Shouldn’t it be LUGs [sup]Or is that too much like an automotive term?[/sup]
I didn’t know anything about ‘gay’ or ‘lesbian’ until I was about 19 - probably because I was born in a small Proddy town where such things weren’t discussed, and then went to a church-run boarding school where sex-ed. was unheard of in the 60’s.
Some of the girls at school used to sneak into each other’s beds after lights out, and I remember feeling really left out and thinking that something was wrong with me because no-one ever asked ME to sleep with them.
Because of my upbringing I was very naive about sex in general though. It was only after I met my 2nd husband that I actually experienced an orgasm for the first time and found out what it was that people raved on about when they talked about sex. Before that I had found it rather tedious :smack:
Not in high school, but there’s a saying about NCCC: “Everyone leaves Americorps just a little bit gayer than they were when they came in.”
We’re all 18-24, raging hormones and all, and yeah, there’s definitely tons of homo-(and hetero-)eroticism going on. Usually there’s lots of joking around, maybe a little playful groping – my teammate used to pull the old “Oh, my hands are full, will you get the key out of my pocket?” trick all the time. It only took me five or six times to figure out what was going on.
Oddly enough, it was the straight guys who went all raunchy on us first. The first time I ever saw two guys dancing with one another was at a bar on Americorps Night, and there was definitely some bumping and grinding going on. It didn’t take too long for us ladies to be all “girl, back that thang up” on each other. As for the lapdance parties, I plead the Fifth…
One of my best friends when I was about 17 happened to be gay. He was a bit older than me. When he came out, I had to deal with a lot of personal issues that came up because he was such a good friend. For a while I thought I might also be gay. I eventually realized that while I could appreciate the attraction of another man I didn’t have any of the same feelings for men that I did for women. I never felt an overwhelming desire to kiss men, for instance, though women who I was attracted to exerted a strong pull on me.
It was great to have my self esteem–which was extremely negative through much of high school–built up through contact with people who tend to be very supportive of their friends. Having people flirt with you and compliment you also gives you an ego boost and validates your attractiveness. I used to be very shy, and if you’ve ever hung out with extroverted gay men, you know that can’t last for long if you’re going to continue to be friends with them. I credit my experiences with these people for my general good self esteem, confidence, and relative social adeptness now. People who meet me now can’t believe I ever used to be shy.
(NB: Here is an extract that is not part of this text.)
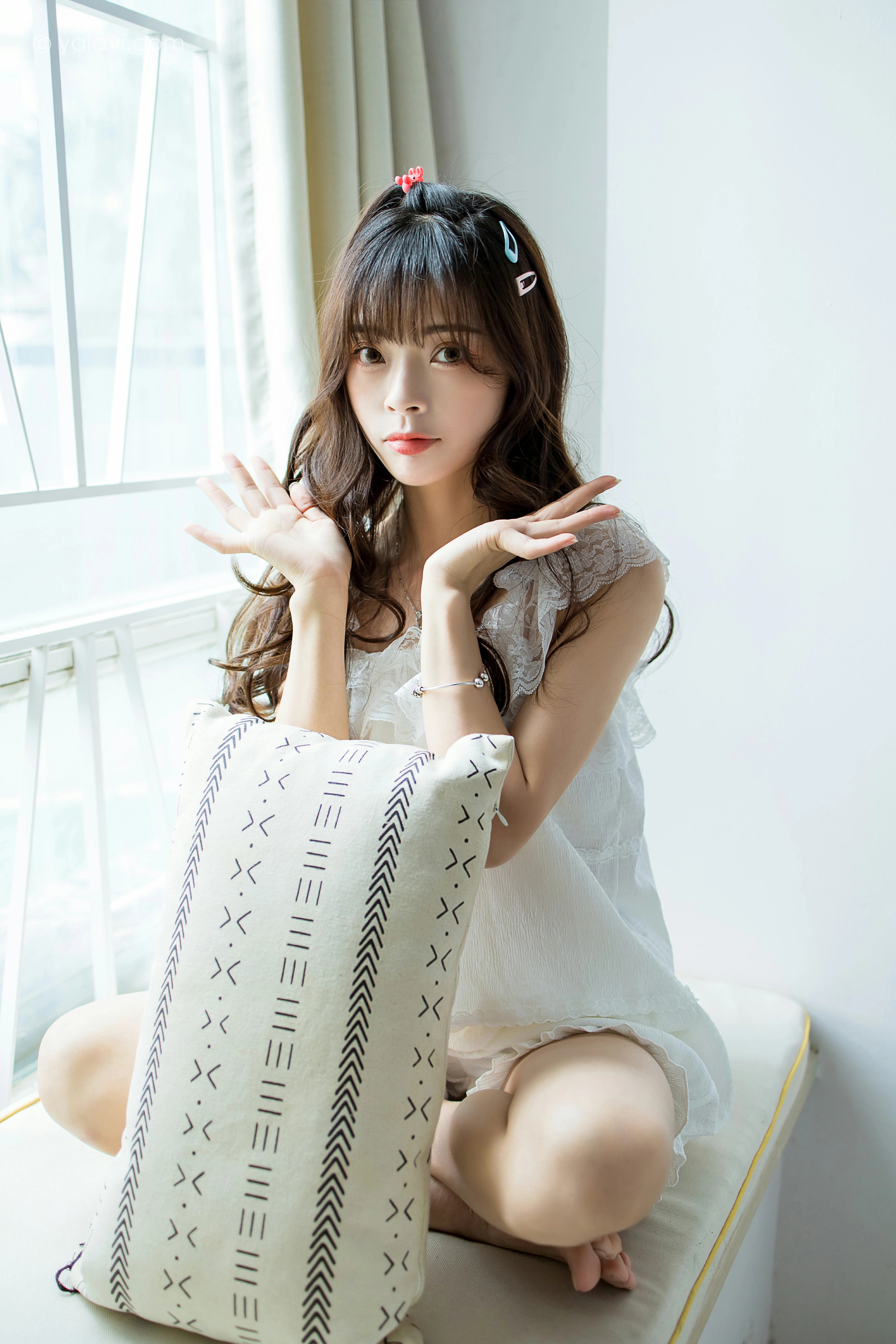 [YALAYI雅拉伊]NO.786 美好时光 程小蝶 白色蕾丝睡衣加短裤性感私房写真集第16张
Wrestling with those feelings and questioning something that many people don’t deal with makes you more mature, in my opinion. The reason almost all of my male friends were gay had more to do with their maturity and the effect of that maturity on their behavior and outlook on life than it did with my orientation.
It’s kind of too bad that I didn’t have a strong attraction for men. I could have had some incredible boyfriends. I guess having incredible friends is more than most people get, so I’m very grateful for what I do have.
I went through it young-when my friends and I were around twelve or thirteen, we used to play kissing games (we’d put our hands over our mouths and then pretend to make out) or we’d pretend to be strippers and feel each other up. It only lasted a couple of months, or so, from what I remember.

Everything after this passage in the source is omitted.